--- PROVIDED RECORDS ---

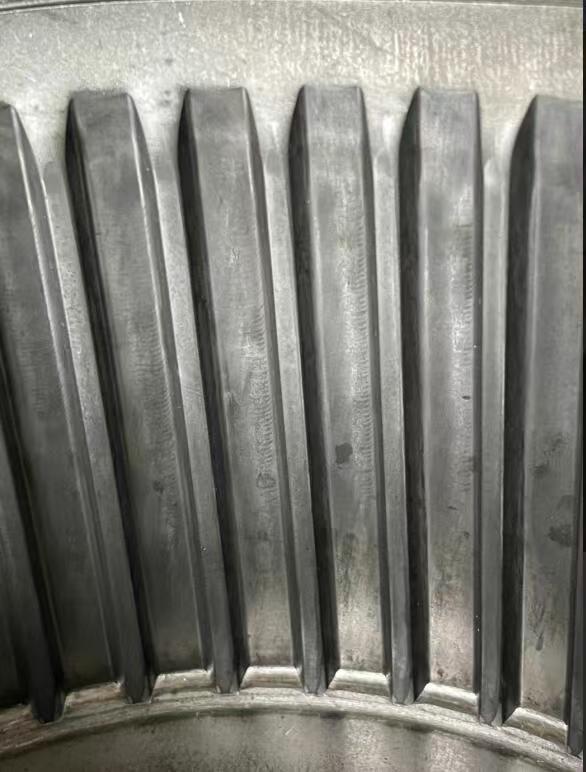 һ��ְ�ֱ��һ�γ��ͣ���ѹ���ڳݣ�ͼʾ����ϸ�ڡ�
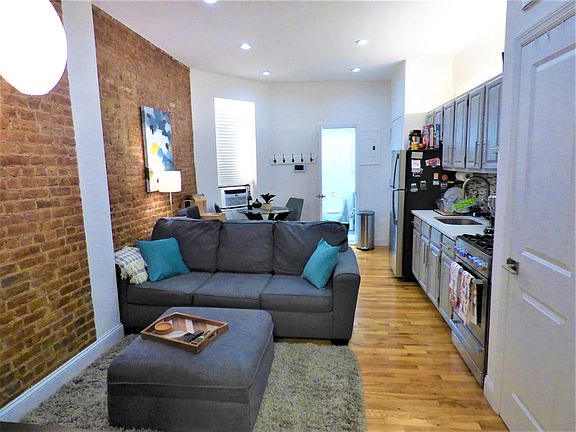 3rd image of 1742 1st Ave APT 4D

---
--- PROVIDED RECORDS ---

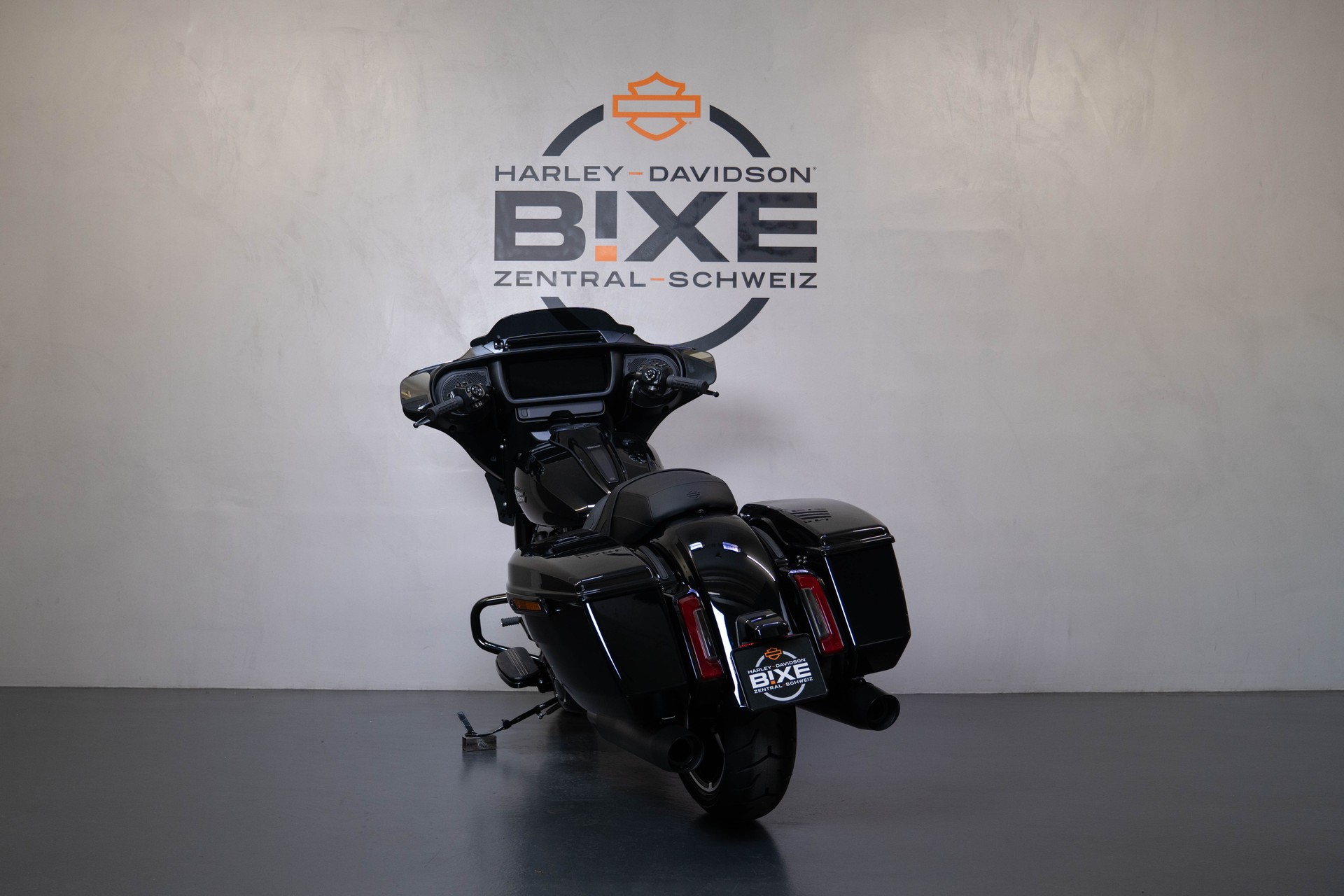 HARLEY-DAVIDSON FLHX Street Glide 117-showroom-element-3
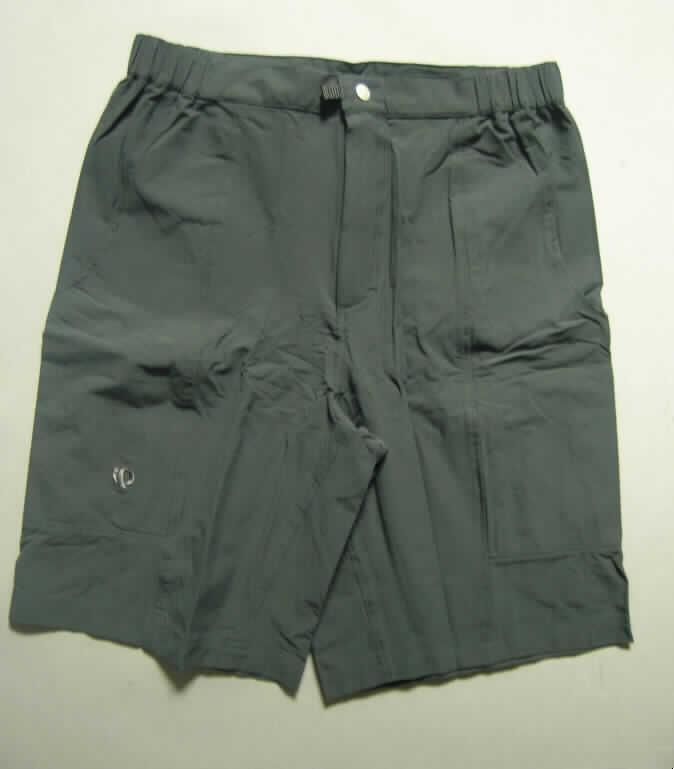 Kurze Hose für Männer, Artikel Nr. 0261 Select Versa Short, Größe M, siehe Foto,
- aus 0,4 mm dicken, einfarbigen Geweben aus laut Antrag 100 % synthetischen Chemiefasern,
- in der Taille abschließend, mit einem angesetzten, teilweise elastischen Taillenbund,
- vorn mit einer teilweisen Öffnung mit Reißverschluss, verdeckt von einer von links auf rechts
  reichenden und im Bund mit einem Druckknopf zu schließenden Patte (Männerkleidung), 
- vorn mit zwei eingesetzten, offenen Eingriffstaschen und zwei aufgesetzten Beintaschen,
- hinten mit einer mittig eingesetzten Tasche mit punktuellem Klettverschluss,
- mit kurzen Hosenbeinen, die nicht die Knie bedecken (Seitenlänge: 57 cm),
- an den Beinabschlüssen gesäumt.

---
--- PROVIDED RECORDS ---

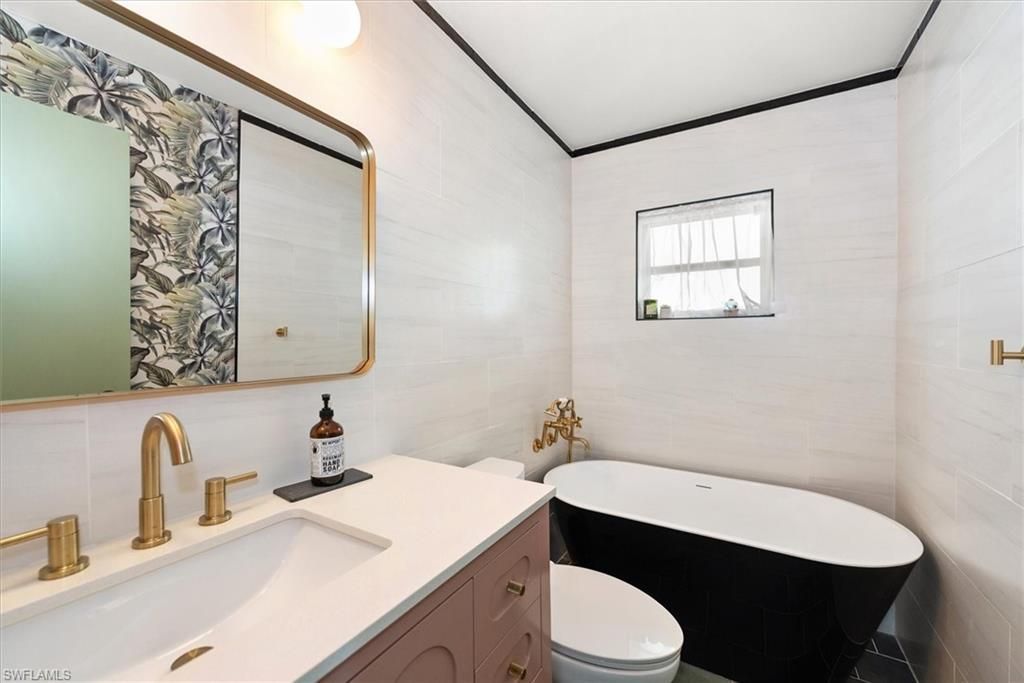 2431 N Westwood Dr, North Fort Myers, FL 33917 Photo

---

▶ _TRY IT_
Of the lines above, extract only those from the line with "- vorn mit zwei" to the line with "- an den Beinabschlüssen gesäumt.", both included, exactly as written.

▶ _SOLUTION TO THE PROBLEM_
- vorn mit zwei eingesetzten, offenen Eingriffstaschen und zwei aufgesetzten Beintaschen,
- hinten mit einer mittig eingesetzten Tasche mit punktuellem Klettverschluss,
- mit kurzen Hosenbeinen, die nicht die Knie bedecken (Seitenlänge: 57 cm),
- an den Beinabschlüssen gesäumt.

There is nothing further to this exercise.